Furthermore it is an established fact of international law that if a state transfers a territory, the legality of the transfer depends on the title it holds. If it is defective, the title of the state to which it is being transferred or ceded will be vitiated by the defect.

South Africa was kicked out of the UN through lobbying and campaigning by the Pan Africanist Congress.

As Tom Lodge put it: "In November 1974 the PAC lobbyists succeeded in obtaining the expulsion of South Africa from the United Nations and in July 1975 the OAU Kampala meeting adopted as official policy a long document prepared by the PAC arguing for the illegality of South Africa's status."

Peace and reconciliation have lost their meaning in South Africa. They now mean appeasement, justice and pandering to the arrogance of Eurocentric forces.
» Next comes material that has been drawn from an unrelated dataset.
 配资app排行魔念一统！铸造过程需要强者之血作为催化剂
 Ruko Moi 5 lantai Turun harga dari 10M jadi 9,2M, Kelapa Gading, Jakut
This country must not live a lie that lulls it into a false sense of security. Only truth and justice, and not tricks and hypocrisy can liberate this country. Africans must stop celebrating colonial history. They must stop dancing on the graves of their ancestors.

The time has come for the dispossessed victims of the Union of South Africa, as Mangaliso Robert Sobukwe put it, "to remember the men and women who begot us, to remind ourselves of where we come from and to restate our goals . to draw inspiration from the heroes of Thaba Bosiu, Isandlwana, Sandile's Kop, Keiskammahoek and numerous battlefields where our forefathers fell before the bullets of the invader. We must commence the tremendous task of rebuilding the broken walls of Africa".